◆ Task to complete:
For every line below, output the text exactly and leave out images.

◆ Information provided:
↓

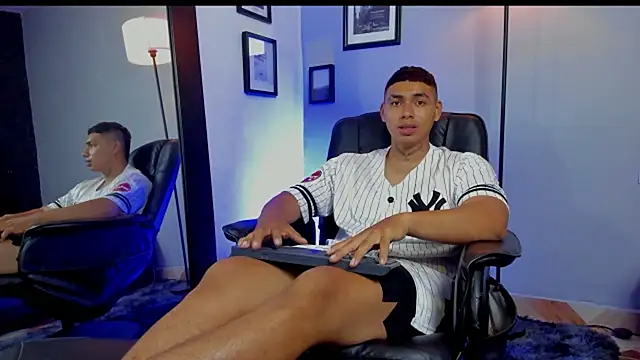 ronnie_craforedのウェブカメラショー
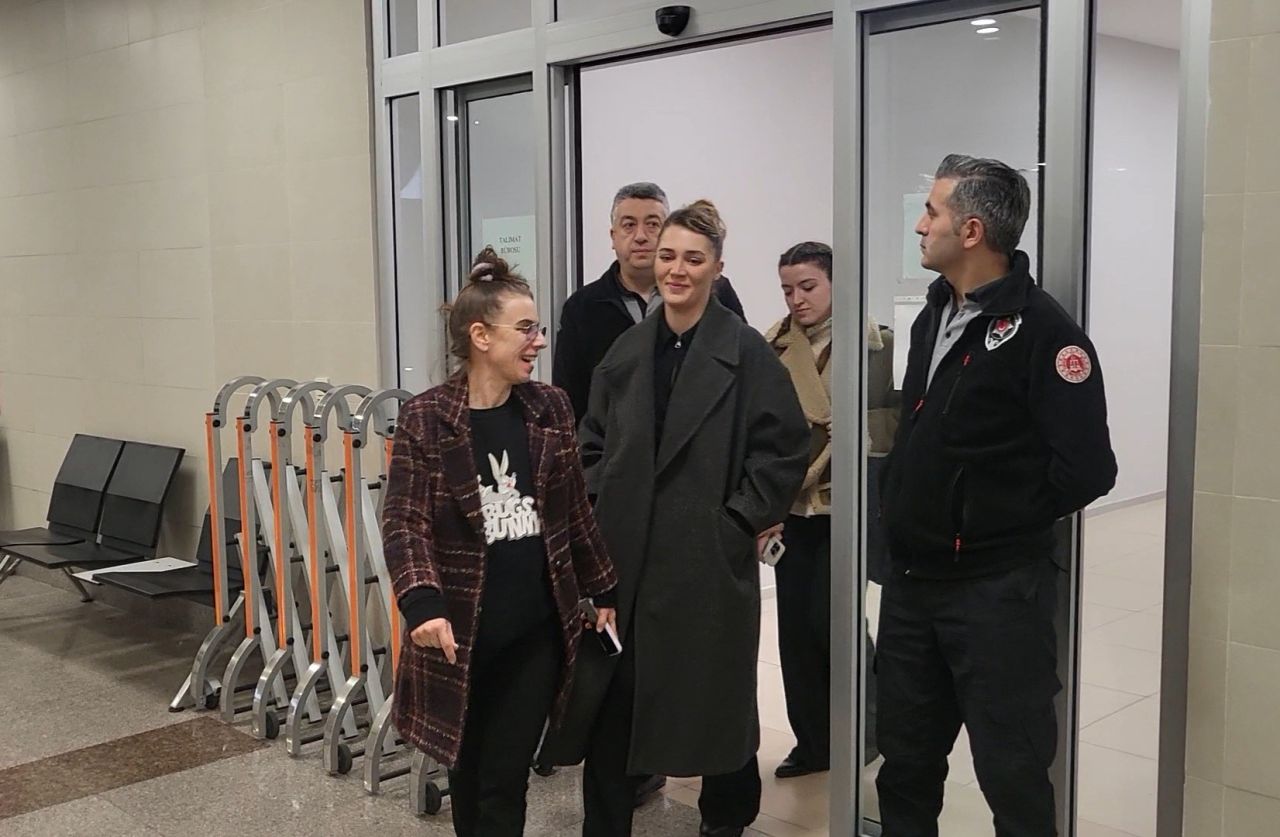 Ayşe Barım'ı ''İşlerime engel olmaya kalktı'' diyerek suçlamıştı! Menajer soruşturmasında ‘mağdur’ olarak dinlenen Deniz Işın'ın ifadesi ortaya çıktı 3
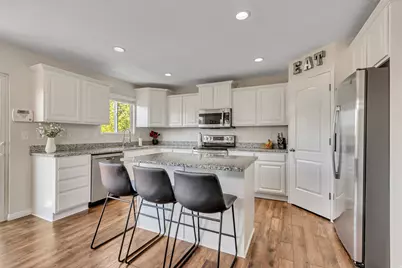 2957 E Lookout Dr, Eagle Mountain, UT 84005 - Photo 4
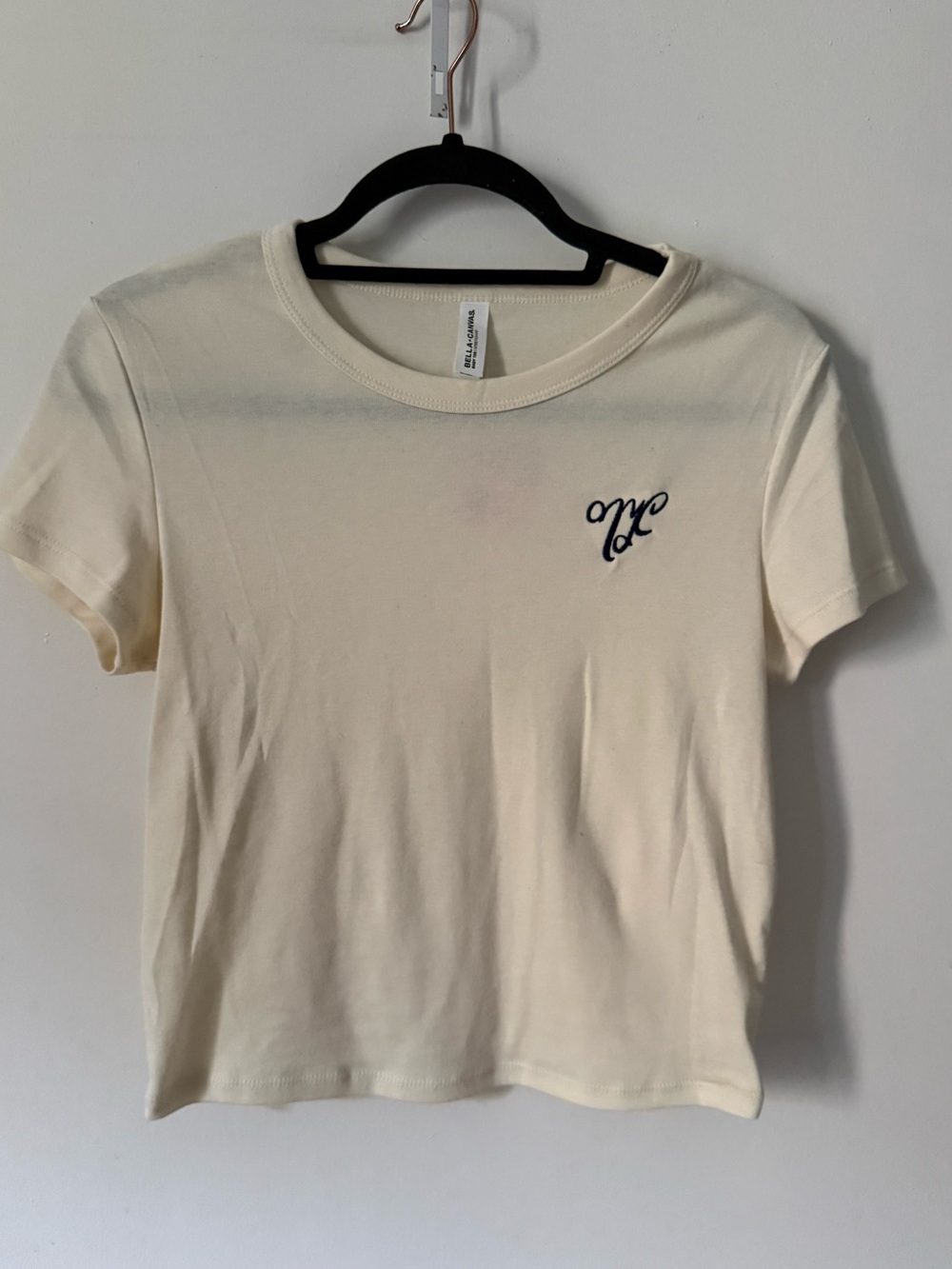 NYC Embroidered Cropped Baby Tee White Size Large New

↑

◆ Written answer:
 ronnie_craforedのウェブカメラショー
 Ayşe Barım'ı ''İşlerime engel olmaya kalktı'' diyerek suçlamıştı! Menajer soruşturmasında ‘mağdur’ olarak dinlenen Deniz Işın'ın ifadesi ortaya çıktı 3
 2957 E Lookout Dr, Eagle Mountain, UT 84005 - Photo 4
 NYC Embroidered Cropped Baby Tee White Size Large New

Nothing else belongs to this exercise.